Welcome to the Kingdom of Nepal. Nepal is an ancient land of snow-covered peaks and amazing people. Twenty-eight distinct ranges of the Himalayan mountain chain traverse this tiny nation nestled between India and (Tibet) China. Nepal boasts eight of the world's ten highest summits, including Mt. Everest (8,850 m).

Team's Vision

To see God glorified in Nepal through holistic ministry, strategic partnerships, and personal witness—culminating in evangelistic/church planting movements among the unreached. As we work towards this vision, we strongly value learning local language and culture, ministering in teams, exhibiting Christian values, working with like-minded organizations, capacity building, and working in creative-access platforms.

Watch a video about opportunities in Nepal and other countries in Central and Southeast Asia or watch the full-length version

Country & Ministry Profile

Nepal, previously the world’s only Hindu kingdom, is home to many diverse cultural groups including Muslims, Buddhists, and animists. Renowned as home of the towering Himalayas, it has two other distinct regions: a foothills region marked by swiftly flowing rivers, and a flat, fertile area in the south. It is bordered by India on three sides and by China to the north. Nepal is one of the poorest and least developed countries, opening the door to great physical and spiritual opportunity. Fewer than half of the adults are literate, and nearly half live below the poverty line. Child mortality is as high as 60% in some regions.

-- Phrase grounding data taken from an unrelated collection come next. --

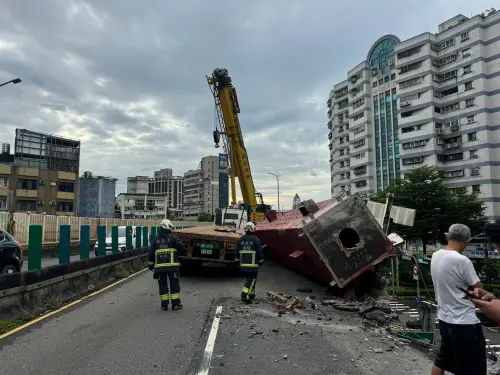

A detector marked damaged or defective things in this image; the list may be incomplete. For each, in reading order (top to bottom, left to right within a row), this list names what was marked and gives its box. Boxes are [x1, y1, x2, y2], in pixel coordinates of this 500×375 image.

damaged guardrail [0, 247, 149, 320] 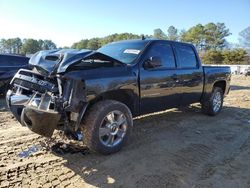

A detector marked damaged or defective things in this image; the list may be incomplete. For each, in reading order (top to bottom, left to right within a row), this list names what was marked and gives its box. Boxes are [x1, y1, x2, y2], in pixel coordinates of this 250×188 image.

crumpled hood [29, 48, 125, 75]
damaged front end [6, 68, 88, 137] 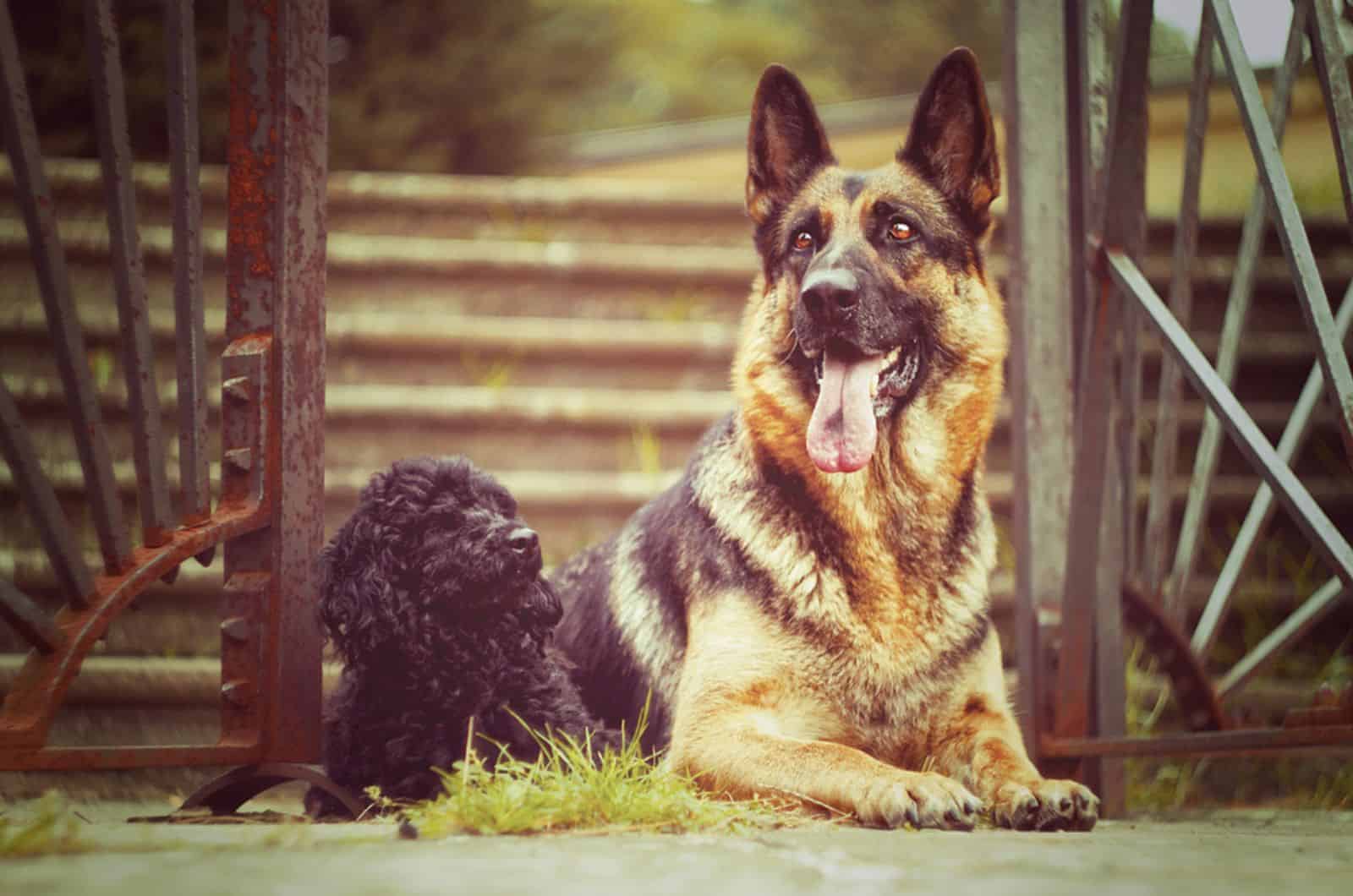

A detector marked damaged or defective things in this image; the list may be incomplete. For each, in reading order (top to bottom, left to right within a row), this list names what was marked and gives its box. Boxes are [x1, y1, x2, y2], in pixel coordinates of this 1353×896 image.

rusty metal gate [0, 0, 354, 811]
rusty metal post [224, 0, 327, 763]
rusty metal gate [1006, 0, 1353, 817] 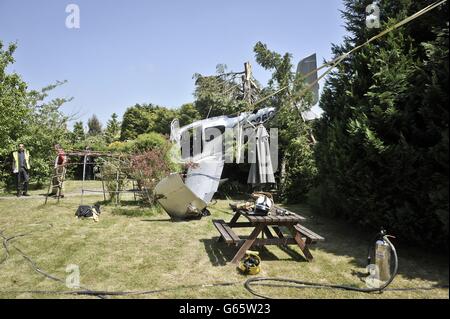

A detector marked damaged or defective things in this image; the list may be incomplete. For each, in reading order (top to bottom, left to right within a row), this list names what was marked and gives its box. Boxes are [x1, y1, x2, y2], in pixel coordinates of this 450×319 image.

broken wing section [153, 174, 206, 221]
crashed small airplane [154, 107, 274, 220]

Nepal moved to multi-party democracy in 1991, changing from an absolute to constitutional monarchy. Maoist rebels have sparked political unrest and violence across the country since 1996, and this, along with the massacre of the royal family in 2001 has led to the eventual retreat of the monarchy. Nepal is no longer an officially Hindu kingdom. Nepal is making slow progress towards constitutional government; the communists currently hold the major power block. However the violence unleashed for the last 10 years has made it difficult to move quickly to peace.

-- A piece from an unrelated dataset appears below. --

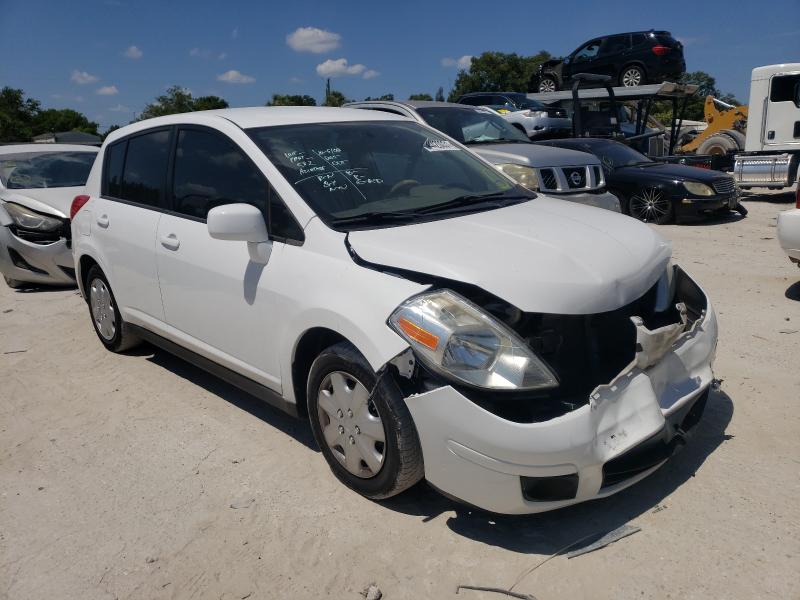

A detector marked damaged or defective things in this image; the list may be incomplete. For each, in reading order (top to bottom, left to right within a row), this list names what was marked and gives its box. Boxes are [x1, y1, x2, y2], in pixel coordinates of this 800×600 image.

damaged front bumper [404, 270, 716, 512]
cracked bumper cover [404, 284, 716, 512] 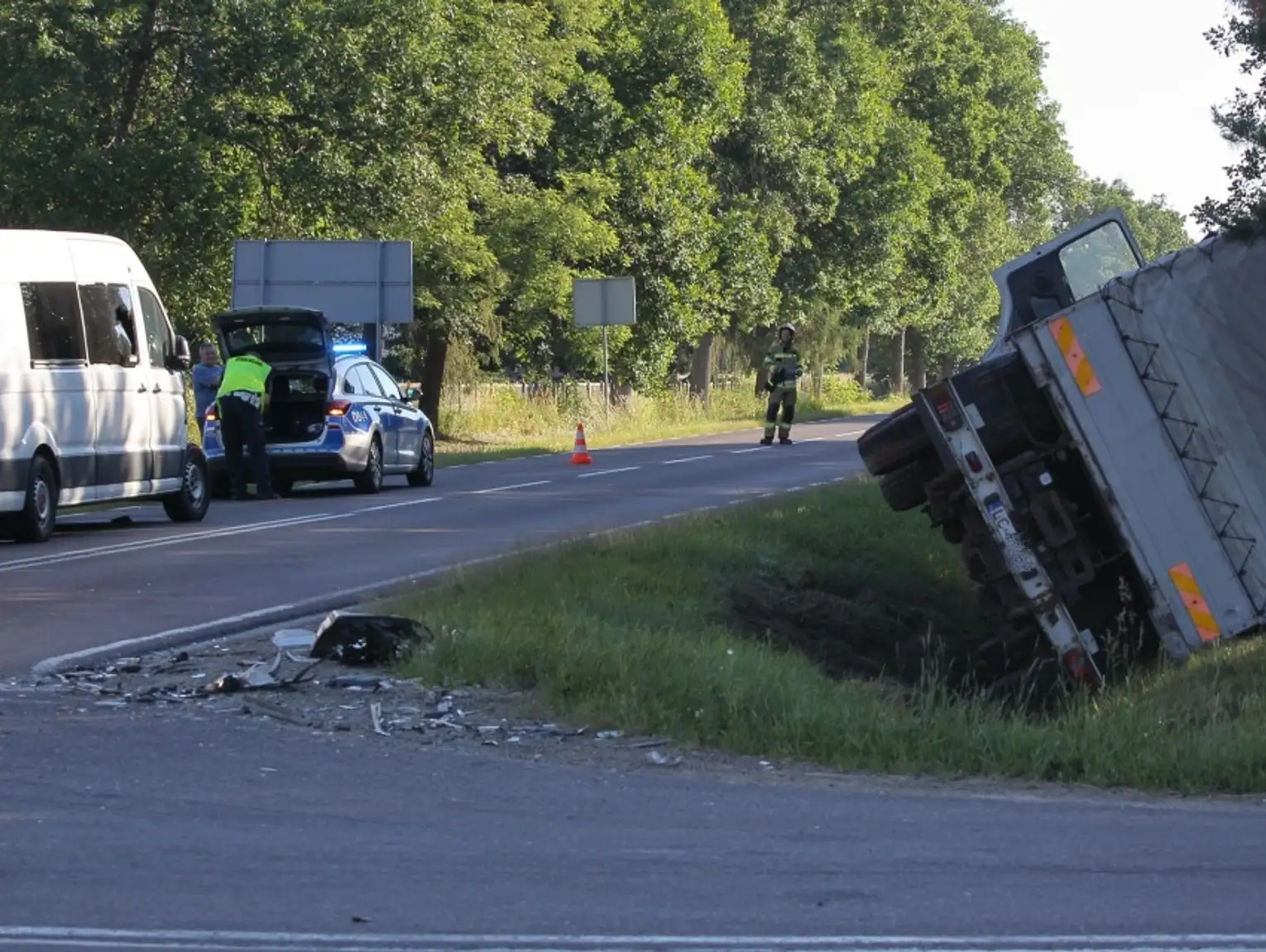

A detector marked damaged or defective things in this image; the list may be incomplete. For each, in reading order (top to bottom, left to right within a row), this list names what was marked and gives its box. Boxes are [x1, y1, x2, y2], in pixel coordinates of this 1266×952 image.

Prior to 1990, believers were routinely imprisoned for having converted or for evangelizing. Official persecution ended with the change in government, but pressure and restrictions continue in many areas, especially where the church is enjoying rapid growth. Churches are increasingly responding to our Lord’s commission and taking the Gospel to unreached groups. In fact Nepali people, both inside and outside of Nepal, have declared: “Nepali people—Missionary people!”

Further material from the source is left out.